If the answer to (c) is yes, then X has a well-founded fear of persecution, even if he could avoid persecution by lying about his religious persuasion. If the answer to (c) is no, and the plaintiff would lie and pretend to be Muslim then the Tribunal needed to go onto consider:
(d) whether X would lie because of social pressures; or
(e) whether X would lie to avoid persecution.
[26] If the reason that X would pretend to be Muslim was to avoid persecution, then he might have a well founded claim for refugee status.
[27] At [58] of its decision the IPT referred to the “adverse consequences” X would suffer during his compulsory military service. It is not clear whether the Tribunal considered whether these “adverse consequences” amounted to persecution in this case. It is also not clear whether the IPT addressed (c) above, namely, whether X would choose to openly express his non-belief in Islam.
[28] As to what is meant by persecution, that was discussed by Priestley J in
Teitiota v Chief Executive of MBIE:15
[8] “Persecution” is not defined in the Refugee Convention but clearly encompasses well founded fears to life or freedom on a convention ground, some form of serious harm, or serious violations of civil or human rights.
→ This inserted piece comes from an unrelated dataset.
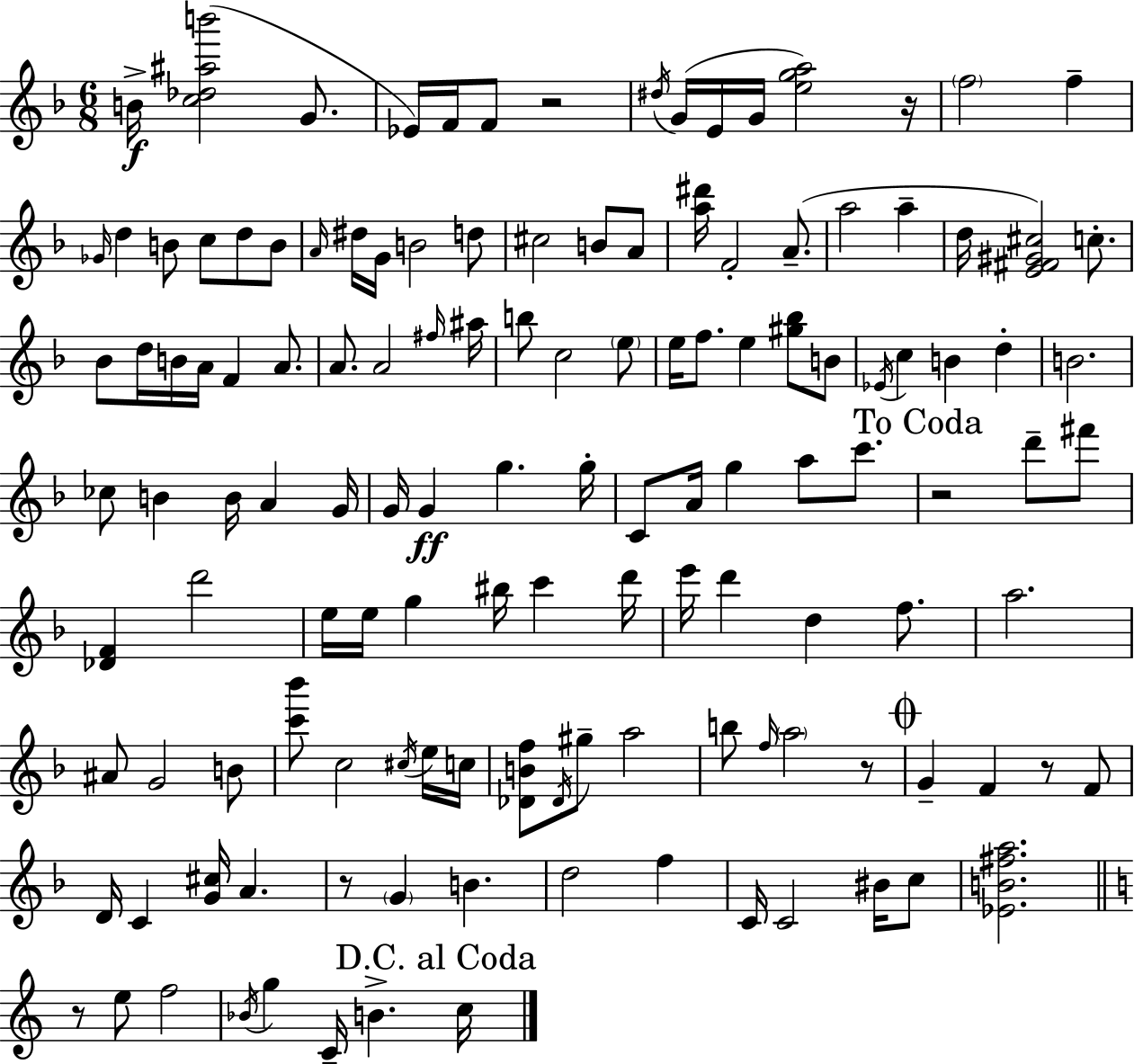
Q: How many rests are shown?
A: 7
New Zealand has adopted James Hathaway’s “human rights” approach to the definition of persecution, which defines persecution as the sustained or systemic violation of basic human rights demonstrative of a failure of state
protection. This definition of persecution is also applied in Canada and the
United Kingdom.
[29] Section 129(1) of the Act provides that a person must be recognised as a refugee if he or she comes within the meaning of a refugee in terms of the Refugee Convention. Article 1A(2) of the Convention provides that a refugee is a person
who:
... owing to well-founded fear of being persecuted for reasons of ... religion,
… is outside the country of his nationality, and is unable or, owing to such fear, is unwilling to avail himself of the protection of that country; ...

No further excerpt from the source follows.